Thursday, July 3, 2014

Terror-fied? Saudi Arabia and ISIS -- July 3, 2014 -- That Didn't Take Long

On June 12, 2014, "along the watch tower," I wrote:
If this "thing" in Iraq goes as it appears to be going, once the sand settles, I may have to add a fifth center of gravity: IranSyriaIraq. Which leads us to Saudi Arabia. One word: terrified
That didn't take long. The (London) Telegraph is reporting that Saudi Arabia is moving 30,000 troops along the Iraqi border, concerned about the spread of "foreign fanaticism," also known as "jihadism" (see below):
Saudi Arabia has sent 30,000 troops to reinforce its long northern desert border after Iraqi troops withdrew from the other side.

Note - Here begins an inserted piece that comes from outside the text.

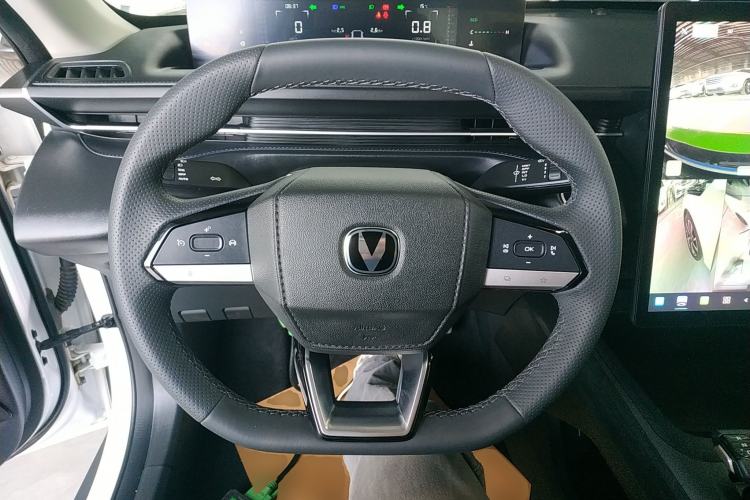 Used CHANGAN Eado 2024 1.5T GDI Automatic Prestige Edition Steering Wheel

Fighters from Islamic State, the jihadist group, and its allies have already seized frontier posts on Iraq's western borders with Syria and Jordan. The southern border with Saudi Arabia, which regards itself as vulnerable to the threat of jihadism, is more than 500 miles long.
Large parts of it are with Anbar province, the centre of Islamic State power in Iraq and now almost entirely under the control either of the group itself or of Sunni Arab tribes that have allied with it.
The last serious incursion into Saudi Arabia also came from Iraq, after Saddam Hussein invaded Kuwait in 1990. Iraqi forces were eventually repelled from the Saudi town of Khafji, the following January, but only after they were attacked from the air by American jets. [The Saudis can assume they cannot count on US air support this time around.]
Since then, the border has been relatively stable and far more concern and attention has been paid to the southern border with Yemen, which is mountainous and hard to control, and where there have been two separate, long-running insurgencies, one jihadist, and one led by a Shia breakaway movement.